眼下老薛研究的復元丹,是根據田向南所弄出復元丹的藥性,自己研究出來的一張效果類似的溫養丹方。
老薛作為中醫扶陽派的宗師,搞出一張溫養身體的方子,那自然不是甚麼大問題。
這也是田向南請求老薛幫忙搞出來的。
主要是上次那位林主任給他提的醒,讓田向南知道,他的復原丹在外面已經不是甚麼秘密了。

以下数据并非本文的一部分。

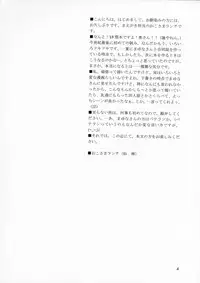 (C59) [Sendan, Zero Hour (Mayuna Yuuma, Okosama Lunch)] IN BETWEEN THE DEEP BLUE SEA AND THE SHELTERING SKY (AIR)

所以從那次以後,田向南就拜託老薛,幫忙研究出一張溫養效果類似的方子。
他準備拿這張新方子,來應對以後會找來的那些藥廠之類的。
至於兩種方子的藥效,按照老薛同志預估,他弄出來這種溫養方子,差不多能有原版復元丹的兩三成藥力,算是稀釋版。
最主要的是,這肯定也得是一張萬能方。
眼下,丹方,老薛已經研究的差不多了,最近這兩天就在製藥,測試藥效呢。
可就在這時,田向南卻接到了一通意外的電話。
這天上午,他正在老薛的院子裡,幫著一起搓丸子呢,忽然醫務室的電話就響了。
“田叔.......”
還是小草去接的電話,回來之後就跟他說,電話是張翠打的,說是有個叫甚麼詹姆士的外國人,剛才打電話找田書記,張翠已經讓對方打這個電話了,讓他等會接一下。
“詹姆士?”
田向南聞言愣了一下,在腦中仔細回憶,自己好像並不認識甚麼叫詹姆士的呀。
倒是認識一位詹姆斯先生,還是上次林主任幫忙介紹的,沈市美領事館的總領事。
“叮鈴鈴.......”
只是不等他多想,這會兒屋裡的電話已經又響了起來。
田向南簡單洗了個手,隨口擦了兩把,就走過去接起了電話。
“喂,我是田向南.......”
“嗨,田向南同志,你最近還好嗎?我是詹姆斯,還記得我嗎?”
“哦,是詹姆斯先生啊,記得記得,當然記得,我還要多謝你上次的幫忙呢,您最近身體還好嗎......?”
“呵呵.......”
詹姆斯那邊聞言似乎笑得也很開心。
“託大夥兒的福,最近都挺好的.......”
兩人簡單寒暄了幾句,詹姆斯那邊便說出了來意。
“向南同志,我聽說,你最近遇到麻煩了,在到處找醫生.......?”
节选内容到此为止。